Parameters#
Parameters are objects of class Param which can be used instead of numeric values as Element attributes.
Parameters are initialised with a scalar numeric value. They have an optional name, used when printtig the parameter. Optionally they can be bounded.
total_length = Param(2.5, name="total_length")
dlength = Param(1.0, name="dlength", bounds=(0.0, 5.0))
print(f"{total_length}: {total_length!r}")
print(f"{dlength}: {dlength!r}")
total_length: 2.5
dlength: 1.0
The value of a parameter can be read or modified through its value property. set() and get() methods are also available:
total_length.value = 2.4
print(f"{total_length}: {total_length!r}")
total_length: 2.4
total_length.set(2.3)
print(total_length.get())
2.3
Arithmetic combinations of parameters create new read-only parameters of class ParamBase, whose value is permanently kept up-to-date:
qlength = total_length - dlength
print(f"{qlength}: {qlength!r}")
total_length-dlength: 1.2999999999999998
dlength.value = 0.9
print(f"{qlength}: {qlength!r}")
total_length-dlength: 1.4
Parameters may be assigned to Element attributes, for instance on initialisation:
dr1 = at.Drift('DR1', dlength)
qf1 = at.Quadrupole('QF1', qlength, 0.6)
print(dr1)
print(qf1)
Drift:
FamName: DR1
Length: dlength
PassMethod: DriftPass
Quadrupole:
FamName: QF1
Length: total_length-dlength
PassMethod: StrMPoleSymplectic4Pass
MaxOrder: 1
NumIntSteps: 10
PolynomA: [0. 0.]
PolynomB: [0. 0.6]
K: 0.6
The Element attributes keep their type so that all the processing of elements either in python functions or in C integrators is unchanged:
print(dr1.Length, type(dr1.Length))
0.9 <class 'float'>
Assigning parameters#
To a single element#
Parameters may be assigned to Element attributes in several ways:
At element creation:
dr2 = at.Drift('DR2', dlength)
By converting a numeric attribute into a parameter:
qd1 = at.Quadrupole('QD1', 0.5, -0.4)
ql = qd1.parameterise('Length')
vkick = qd1.parameterise("PolynomA", index=0, name="vkick")
print(f"{ql}: {ql!r}")
param3: 0.5
By normal assignment, only for scalar parameters:
qd1.Length = Param(0.2)
print(qd1)
Quadrupole:
FamName: QD1
Length: param5
PassMethod: StrMPoleSymplectic4Pass
MaxOrder: 1
NumIntSteps: 10
PolynomA: [vkick 0.0]
PolynomB: [ 0. -0.4]
K: -0.4
With the set_parameter() method:
qstrength = Param(-0.5, name='quad_strength')

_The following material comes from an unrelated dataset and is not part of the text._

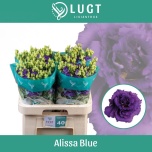 Eustoma Preeriakell Alissa Blue
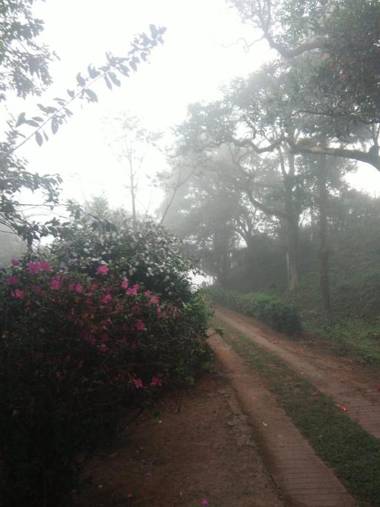 Coorg Daffodil Guesthouse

qd1.set_parameter('PolynomB', qstrength, index=1)
print(qd1)
Quadrupole:
FamName: QD1
Length: param5
PassMethod: StrMPoleSymplectic4Pass
MaxOrder: 1
NumIntSteps: 10
PolynomA: [vkick 0.0]
PolynomB: [0.0 quad_strength]
K: -0.5
To selected elements of a Lattice#
To act on several elements in a single step, Lattice methods similar to Element methods are available.

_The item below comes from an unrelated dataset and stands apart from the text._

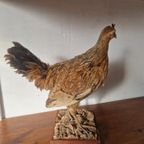 Opgezette Kip Taxidermy Vintage thumbnail 5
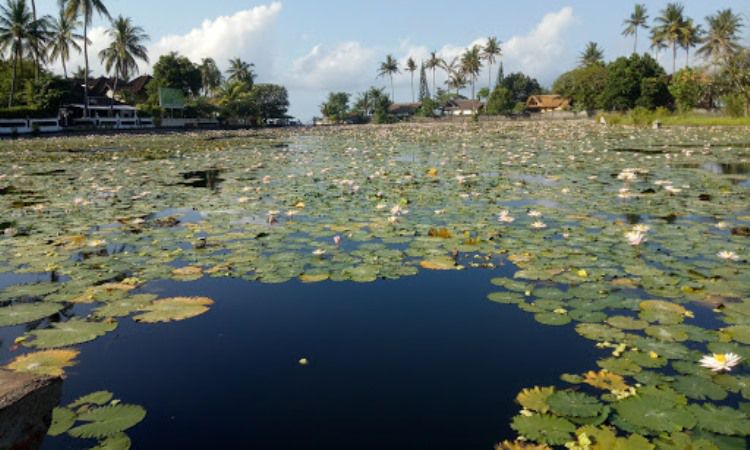 Daya Tarik Lotus Lagoon Candidasa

Convert numeric attributes into parameters:
The attribute of all the selected elements is replaced by a single parameter whose initial value is the average of the original values.
kf1 = ring.parameterise('QF1[AE]', 'PolynomB', index=1, name='kf1')
print(f"{kf1}: {kf1!r}")
print(ring[5])
kf1: np.float64(2.5394599781303304)
Quadrupole:
FamName: QF1A
Length: 0.311896
PassMethod: StrMPoleSymplectic4Pass
FringeQuadEntrance: 1
FringeQuadExit: 1
MaxOrder: 1
NumIntSteps: 20
PolynomA: [0. 0.]
PolynomB: [0.0 kf1]
K: 2.5394599781303304
Use the set_parameter() method:
The attribute of all the selected elements is replaced by the provided parameter,
lf1 = Param(0.311896, name='lf1')
ring.set_parameter('QF1[AE]', 'Length', lf1)
print(ring[117])
Quadrupole:
FamName: QF1E
Length: lf1
PassMethod: StrMPoleSymplectic4Pass
FringeQuadEntrance: 1
FringeQuadExit: 1
MaxOrder: 1
NumIntSteps: 20
PolynomA: [0. 0.]
PolynomB: [0.0 kf1]
K: 2.5394599781303304
Once a Parameter is assigned to an attribute, it acquires the type and the constraints of the attribute. For instance:
num_int_steps = Param(14.4, name="num_int_steps")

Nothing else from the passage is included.